The real problem with mobile phone encryption (at least back in the GSM days) was that it was made deliberately weak due to pressure from spy agencies.
It's not a property of the prime number itself. The key exchange requires the choice of two separate, publically-disclosable numbers: the giant prime that was mentioned, and a generator, which is allowed to be small
If you're wondering how pi was used to get a prime, there should be rounding down (floor) brackets in there. From RFC 2409: "The prime is 2^1024 - 2^960 - 1 + 2^64 * { [2^894 pi] + 129093 }. Its hexadecimal value is FFFFFFFF FFFFFFFF C90FDAA2 2168C234 C4C6628B 80DC1CD1 29024E08 8A67CC74 020BBEA6 3B139B22 514A0879 8E3404DD EF9519B3 CD3A431B 302B0A6D F25F1437 4FE1356D 6D51C245 E485B576 625E7EC6 F44C42E9 A637ED6B 0BFF5CB6 F406B7ED EE386BFB 5A899FA5 AE9F2411 7C4B1FE6 49286651 ECE65381 FFFFFFFF FFFFFFFF"
@@threeMetreJim RFCs are technical documents used for things like internet protocol definitions. I'd start by looking at RFC 2409. If not, I believe there's at least one method to verify whether a number is prime. They shouldn't be hard to find.
Outstanding vid, it's great that people can get such an approachable insight into not only what goes on behind the scenes of something they do every day, but the to and fro of the conflict that is being carried out to break (and keep safe) their communications.
I remember being tasked at the time with building a group policy for our windows servers to remove compromised cipher suites as available options. Its cool to finally understand what was really going on with that, since at the time all I understood was there was a downgrade attack that was possible.
Seriously... why is there a Pi in the prime for Oakley Group 2? I think even 2Blue1Brown would have sleepless nights tracking down the hidden circle in that little nugget.
You simply configure the server to not permit weak schemes. open vpn server actually allows to define a dhparam file. I use a 4096 bit one, it contains p and g, were p is the 4096 bit public prime and g is the generator. Just generating the prime took a few dozen minutes.
A safe prime in RFC is "probably" broken.. and now elliptic curve is used, but, as far as I remember some defaults for elliptic curve are part of RFC and it was mentioned in an older Numberphile video that elliptic curve might be broken too..

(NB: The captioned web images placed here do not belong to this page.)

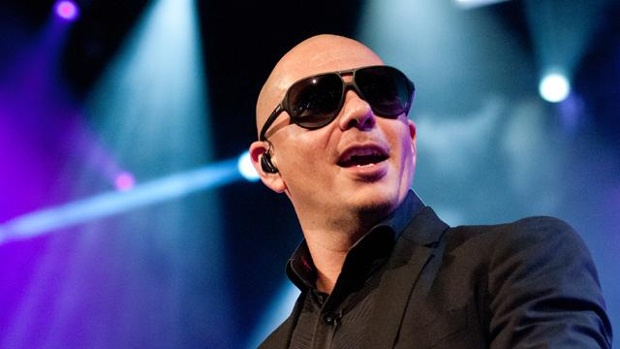 Rapper Pitbull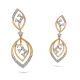 Enticing Trendy Diamond Earring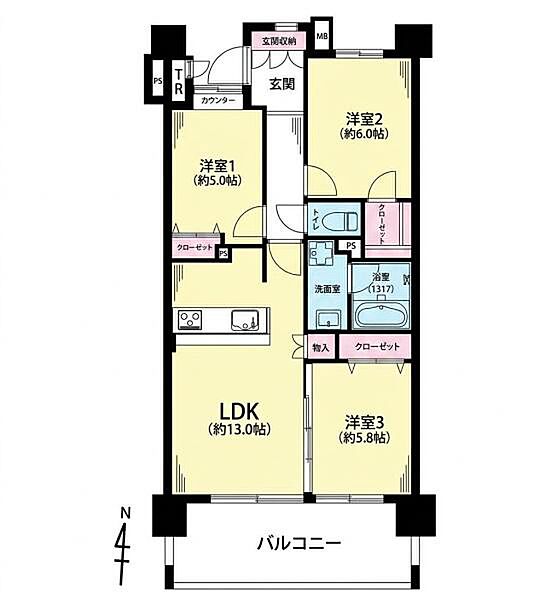 間取り：314002719642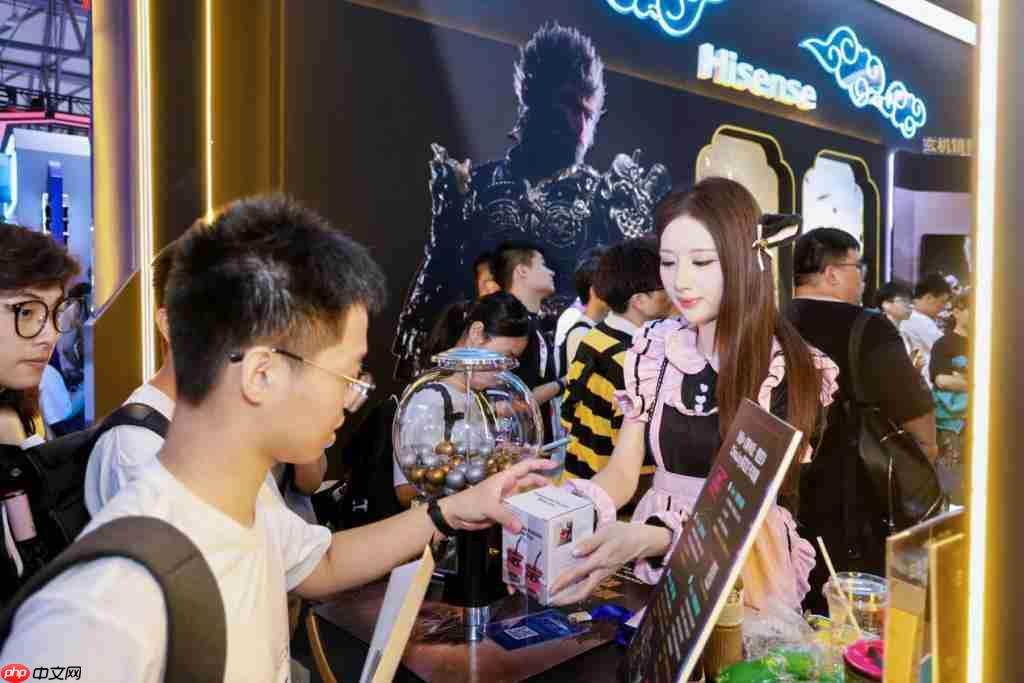 ChinaJoy 首日海信电视引爆全场,E8Q Pro 以巅峰画质重构游戏体验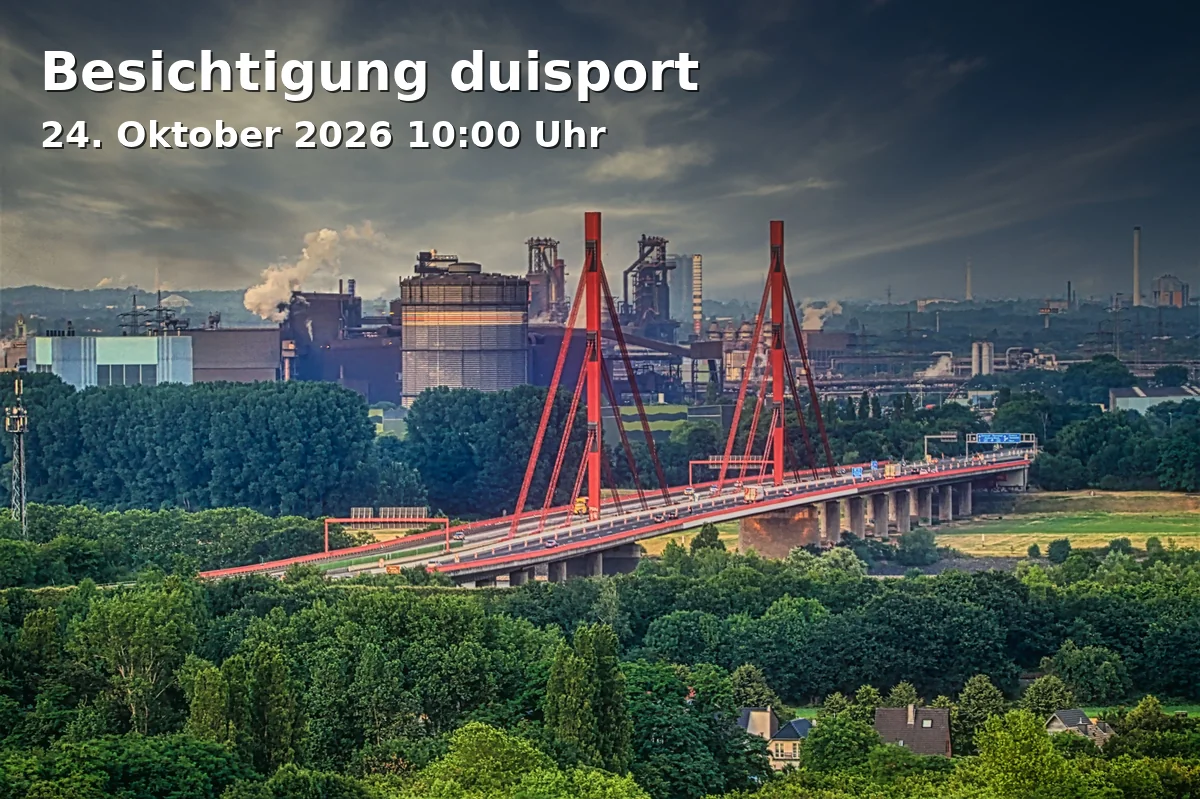 Event: Besichtigung duisport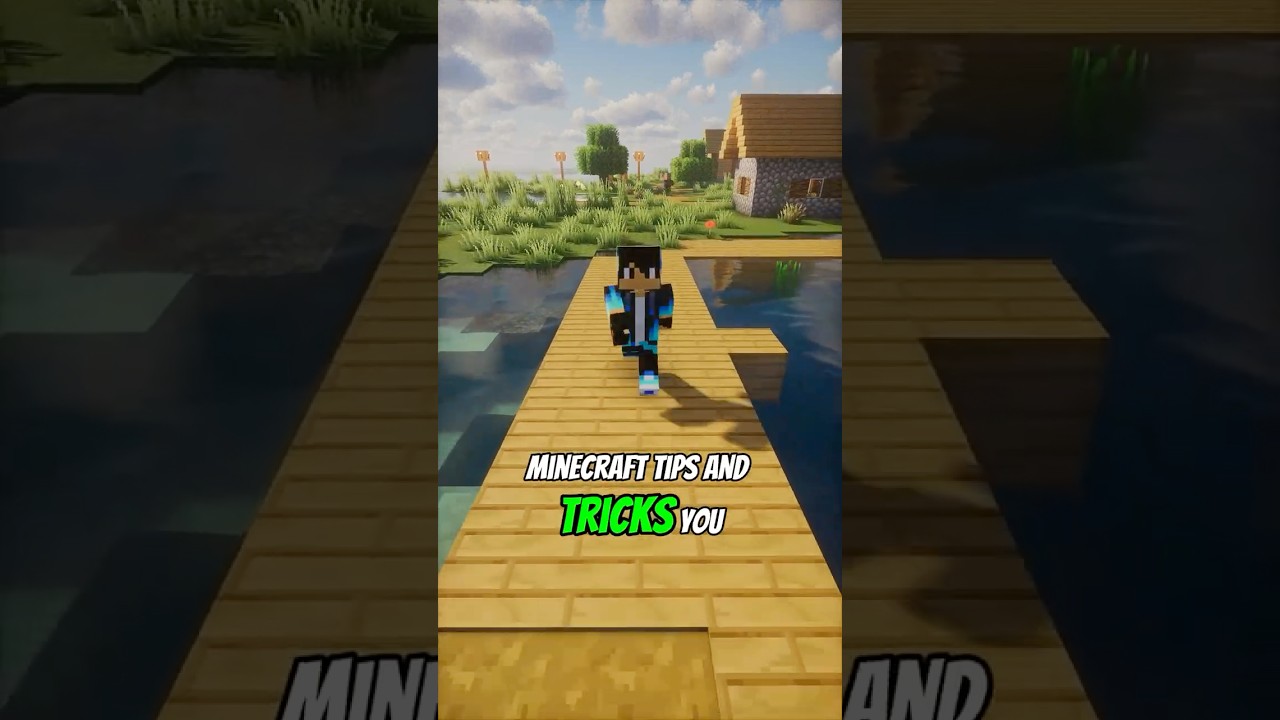 Minecraft Tips & Tricks You Probably Didn’t Know 🤯 | Minecraft Tips & Tricks 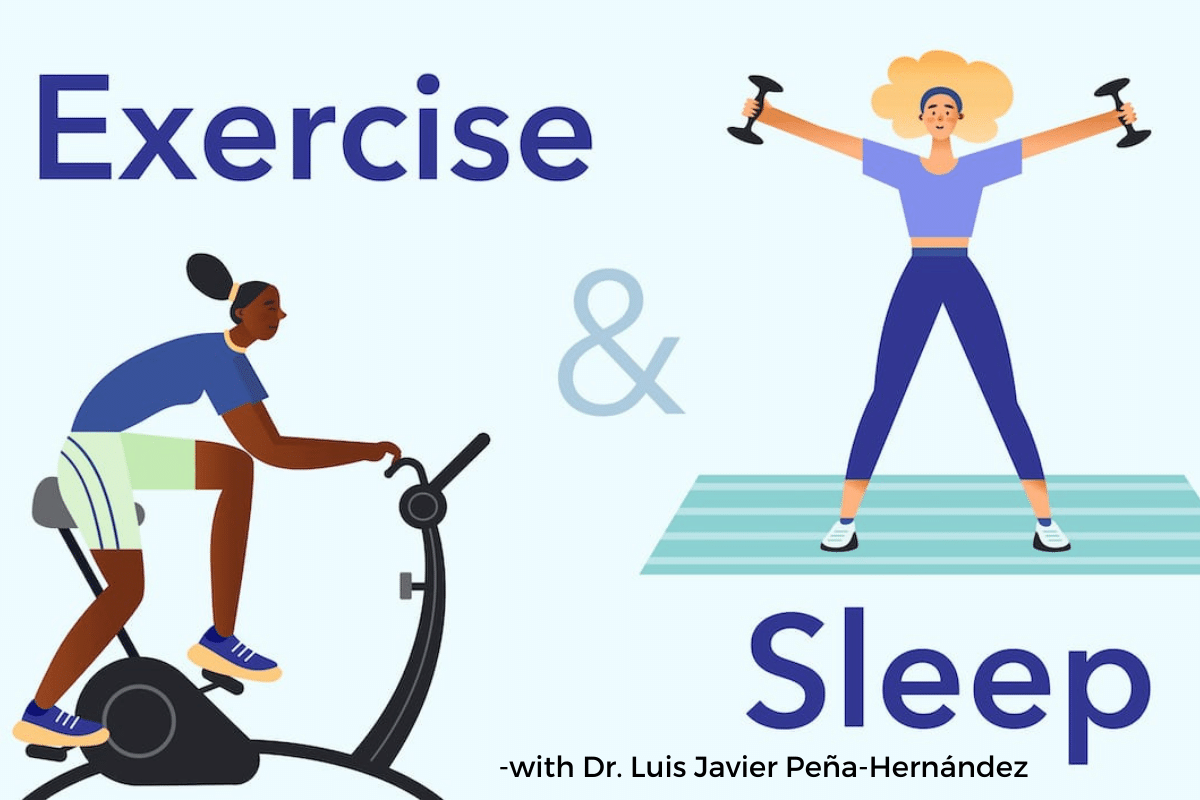 Cardiovascular exercise for better sleep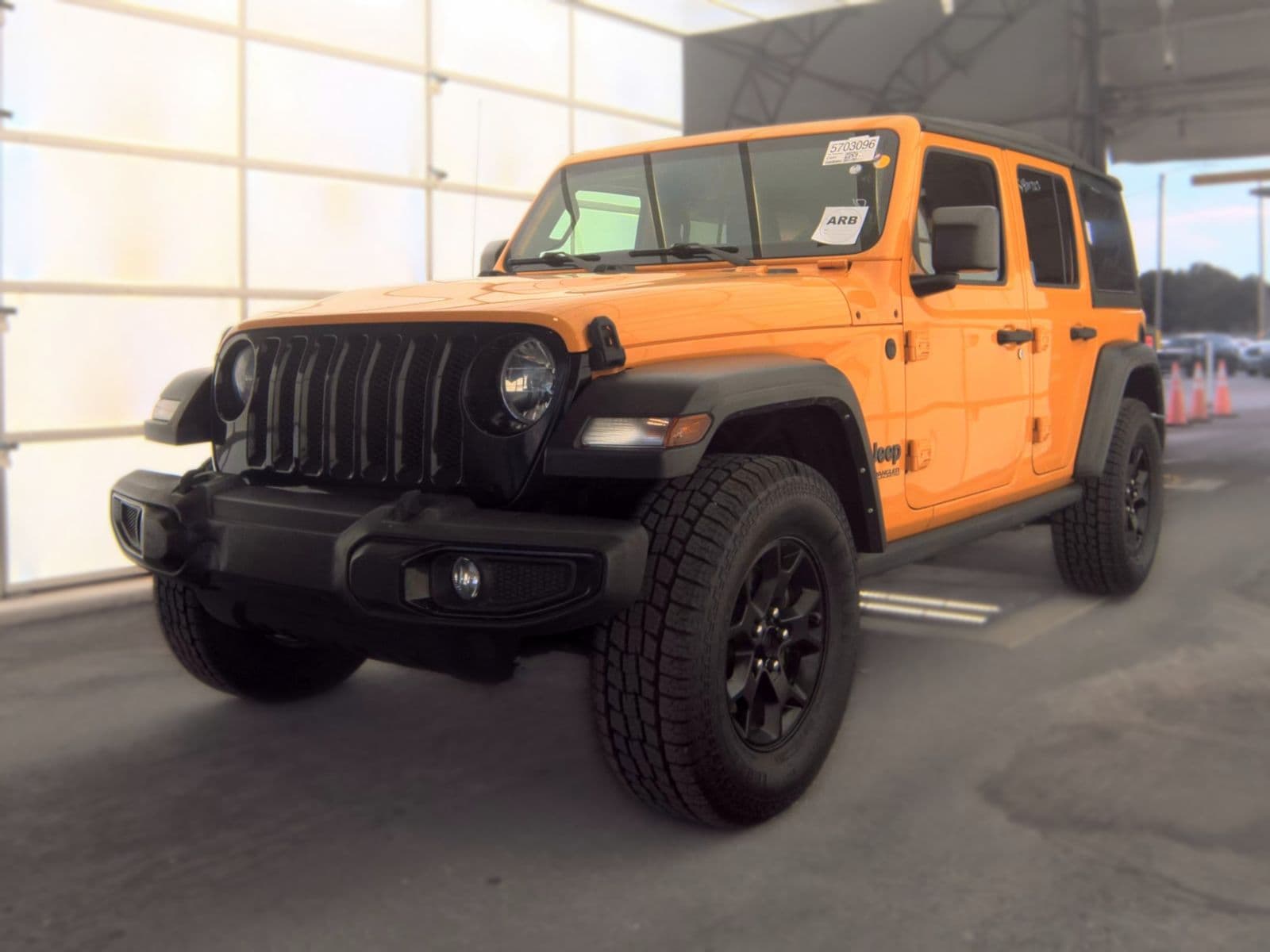 2021 JEEP WRANGLER UNLIMITED WILLYS SPORT Edition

with a name like logjam i thought you was talking about either a variant of log4j or overwhelming the server logs making it confusing to a security admin.
Lol I love the little text explanations in the corner of the video about the atrocious 2.5 FPS issue 😂 make sure to give Sean two and a half smacks, one for each frame per second lmao
Sounds like bit encryptions should be upgraded to say 16k bit encryptions for the foreseeable future and then later 128k bit encryptions, sure it sounds a bit ridiculous but on the other hand by the time the encryptions are broken the information would likely be no longer valuable.
I wonder if there's been any studies on how many years it would take to break 2000 bit primes compared to processing power capabilities over the next 30 years.
Net worth and liquid are wildly different. For hundreds of millions in liquid that could be put to something like this, large tech companies could manage.
13:25 I am not a cryptography expert, but I know pi is not a rational number, so multiplying pi with an integer is not an integer, so a sum containing such a term can't be a prime. So I guess there is something missing here.